To Reheat: Warm refrigerated burgers in the microwave, in a preheated oven at 350°F (175°C) for 10-15 minutes, or on the stovetop over medium heat until heated through.

To Freeze: Place cooked patties on a baking sheet and freeze until solid. Then transfer to a freezer-safe bag or container, with parchment paper between layers, for up to 3 months. Thaw overnight in the fridge before reheating.
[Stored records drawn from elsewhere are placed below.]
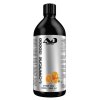 L-Carnitine 120000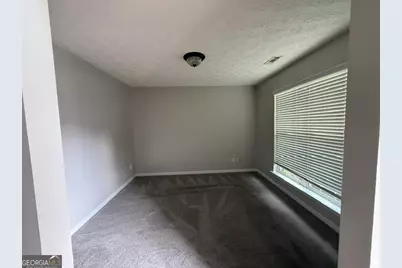 743 Mesa Road, McDonough, GA 30253 - Photo 3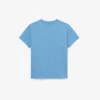 Cotton Colorblock T-Shirt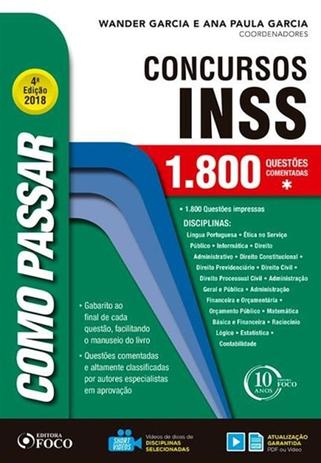 Curso de direito do consumidor volume 2 questoes de concurso portuguese edition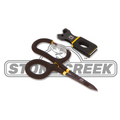 Loon™ Iconic Tool Kit
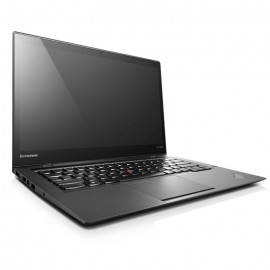 NOTEBOOK X1 CARBON 14" INTEL CORE I7-6600U 16GB 256GB SSD WINDOWS 10 PRO - RICONDIZIONATO - GAR. 12 MESI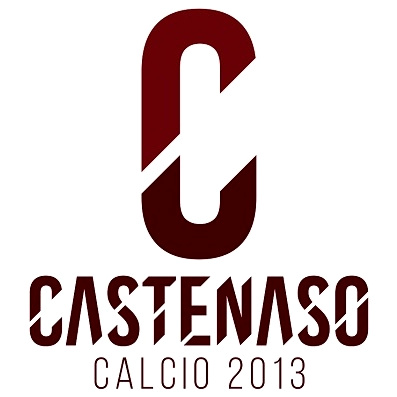 Squadra Castenaso Calcio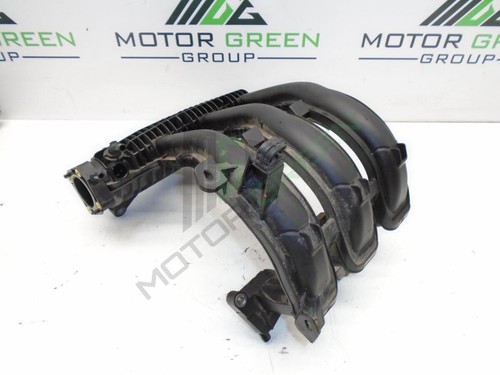 Citroen 2013 2016 0 - c3, 1.0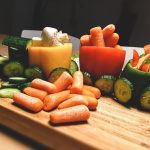 How to eat to prevent stroke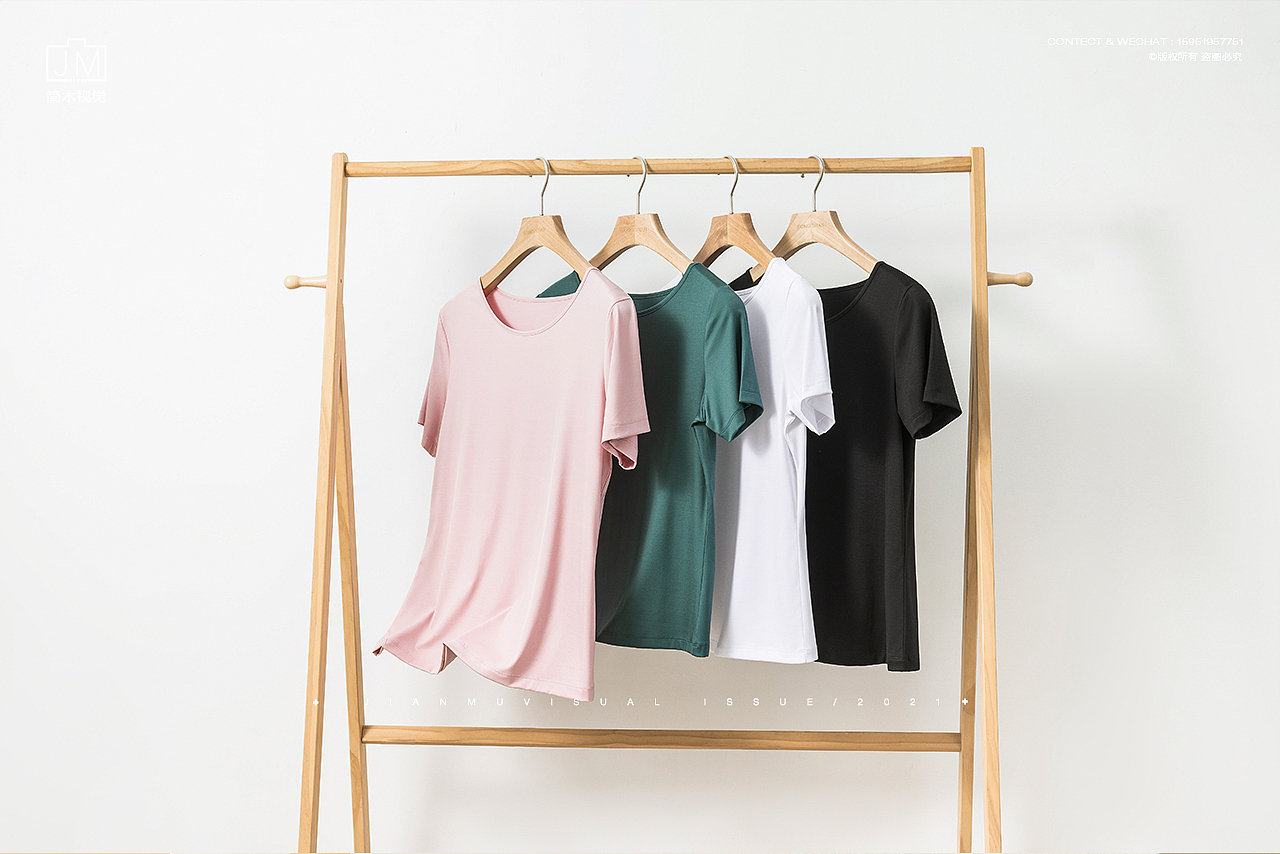 松山棉店 ×『家居服』 | 男女士睡衣家居风格 产品摄影（图ZMjQ0MDY3Njky） - 产品摄影 - 站酷设计师简木视觉原创素材 - 站酷ZCOOL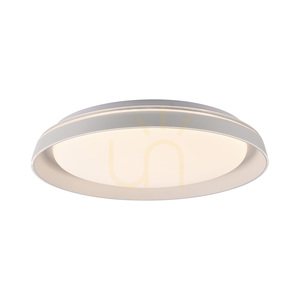 SATI Plafond 14368-16 Weiß 1xLED small 13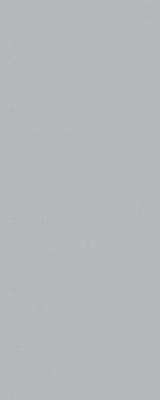 Керамическая плитка Kerama Marazzi 7083T Городские цветы серый 20x50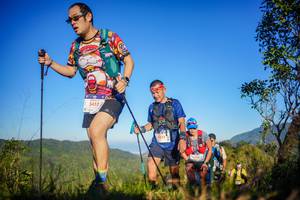 BIB: 5452
                            <button type="button" onclick="openModal(19222524)" class="btn btn-primary btn-sm float-right btn-popup" data-toggle="modal" data-target=".modal-high-quality">
                        <i class="fas fa-shopping-cart"></i> Add to Cart
                    </button>
                                            <button type="button" onclick="isThisMe(19222524, true)" class="btn btn-success btn-sm float-right btn-popup btn-isme hidden" data-toggle="tooltip" data-placement="bottom" title="นี่คือรูปของคุณใช่ไหม คลิกที่นี่เพื่อเอาเข้าอัลบั้ม">
                        <i class="fas fa-plus"></i> Add to album
                    </button>
                    <button type="button" onclick="isThisMe(19222524, false)" class="btn btn-warning btn-sm float-right btn-popup btn-isnotme hidden">
                        <i class="fas fa-ban"></i> Remove from album
                    </button>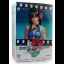 Dead Or Alive Paradise [Collector's Edition] - PSP - Retrocharting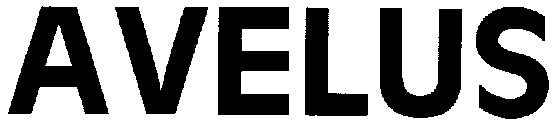 avelus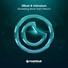 5Beat, Intimatum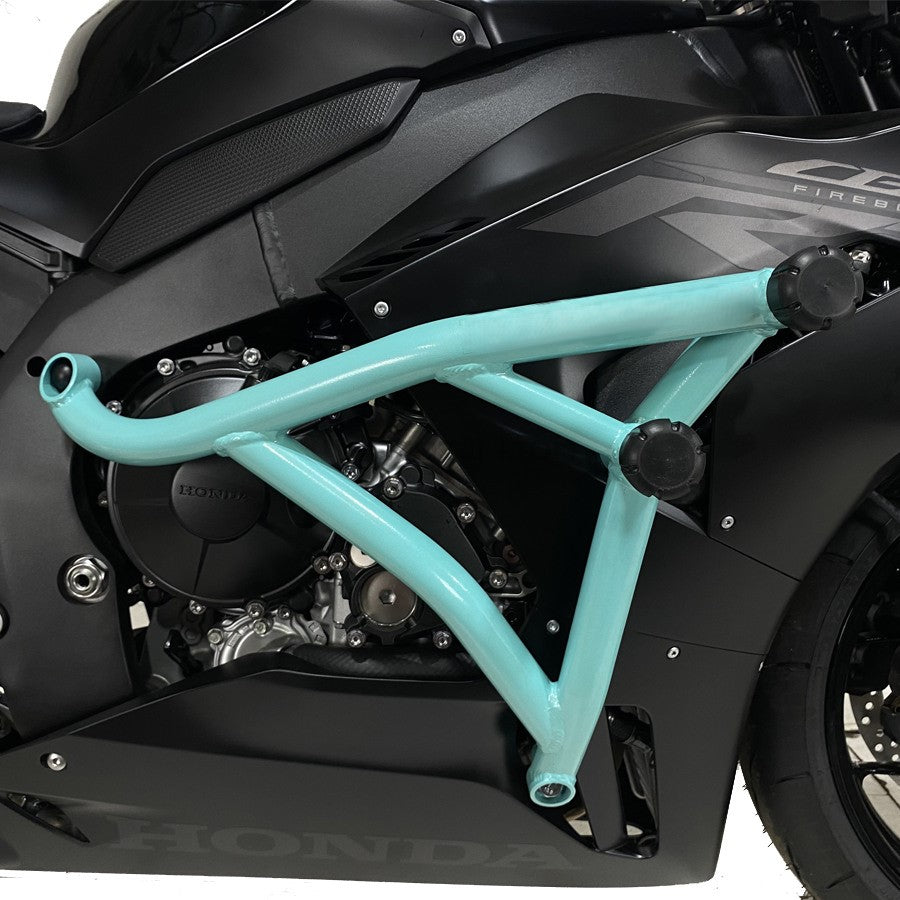 Crash Bars Honda CBR1000RR-R / CBR1000RR-SP (2020-2024)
Calories: 237kcal, Carbohydrates: 22g, Protein: 5g, Fat: 15g, Saturated Fat: 2g, Trans Fat: 1g, Sodium: 535mg, Potassium: 174mg, Fiber: 4g, Sugar: 1g, Vitamin A: 29IU, Vitamin C: 1mg, Calcium: 40mg, Iron: 2mg

Disclaimer: Although jessicainthekitchen.com attempts to provide accurate nutritional information, kindly note that these are only estimates. Nutritional information may be affected based on the product type, the brand that was purchased, and in other unforeseeable ways. Jessicainthekitchen.com will not be held liable for any loss or damage resulting for your reliance on nutritional information. If you need to follow a specific caloric regimen, please consult your doctor first.